公函求情,目的在于求情,而求情的方式可以多种多样,公函只是其中不常用的一种。采用公函求情,要么觉得求情的目的是“为公”,理由还算摆得上台面;要么跟承办的法官或者法院领导还不熟悉,借着公函的形式以期增加点求情的分量。不过这样的结果就是,法院一般也是“公事公办”,将求情的公函收录进案卷,作为案件材料之一,最多在判决书中加上一句“酌情从轻处罚”之类的语句,至于有没有考虑求情的公函,有没有真的从轻,只有法官知道。
什么是干涉司法?法律没有对此进行解释,我的理解是:个人或单位利用其在干部人事、资金保障等方面的影响力,对司法机关作出足以影响其公正审判的意思表示或者行为。从几个“公函求情”的案件来看,一则求情者行政级别大都低于所求法院,二则公函的功能是“联系和商办事宜”,影响力有限,虽有干扰司法的嫌疑,但干涉程度远不如某领导不着痕迹的招呼或者暗示。所以,尽管“公函求情”是一种公权的异化,但我们更应该关注和反对的是那些不用公函的求情方式,它们对于司法的破坏要大得多。对于后者,去年召开的中央政法工作会议上,习近平对一些党政领导干部出于个人利益,打招呼、批条子、递材料,或者以其他明示、暗示方式插手干预个案,干扰正常司法活动的现象进行了严厉地批评。
之所以会出现“公函求情”,社会之所以对“公函求情”的反应如此强烈,我觉得大致有以下两个原因:一是行政和司法之间缺乏正常的沟通程序。我们的法律并没有规定政府向法院表达意见的程序和方式,但政府和法院之间就个案交换意见也是合理且需要的——比如政府本身就是被告。在这样的情况下,很多政府和法院之间的意见交换是以一种非程序化的方式在进行——这其中,有些也确实是行政对司法的干涉,这样的方式因为缺乏能够被人查阅的正式资料而通常为人们所忽略。而在公函求情事件中,公函这一相对正式文书的存在,使它看上去更像政府干涉司法的一个典型例子。
公函求情引发巨大争议的第二个原因是行政和司法之间现实地位的落差。虽然我国宪法规定,法院相对行政机关独立行使审判权,但在现实中,法院的地位弱于政府也是不争的事实。政府和法院的协商往往被认为是建立在不平等的基础之上,而司法权不受行政权干涉在公众看来自然是一个不容破坏的准则,因此,出于对司法制度和权利的保护,大家会对政府与法院任何形式的沟通保持警惕,更何况是用于求情的公函?
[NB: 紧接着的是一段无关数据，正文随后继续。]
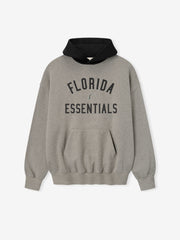 Marlins Sport Hoodie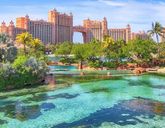 The Royal at Atlantis (ex Atlantis Royal Tower)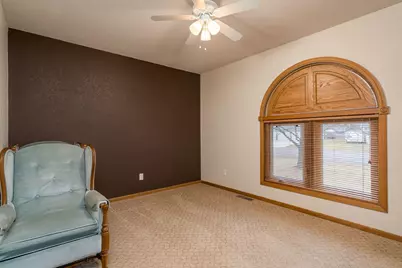 554 Karmil Place, Gaylord, MN 55334 - Photo 22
但是着眼于现实,我们既无法界定哪些行为是干涉司法,也无法根除权力暗地里对司法的干涉,那么该如何维护法院的独立审判权呢?我认为,最关键的还是要树立法律权威,提升司法权威,提高司法在公权力结构中的地位。《人民法院组织法》第四条规定,人民法院依照法律规定独立行使审判权,不受行政机关、社会团体和个人的干涉。从这个条文的表述来看,排除对审判权的干涉,法院应该是主体,法院处于主动的地位。对于行政机关、社会团体和个人对案件提出的意见和建议,接受与不接受,法律是唯一的标准,主动权掌握在法院手里。关键在于用法律手段建立政府与法院之间正常的对话机制,界定政府的行为什么是合法的,什么是违法的,否则某份公函是否属于滥用权力、干扰司法就成了一笔糊涂账。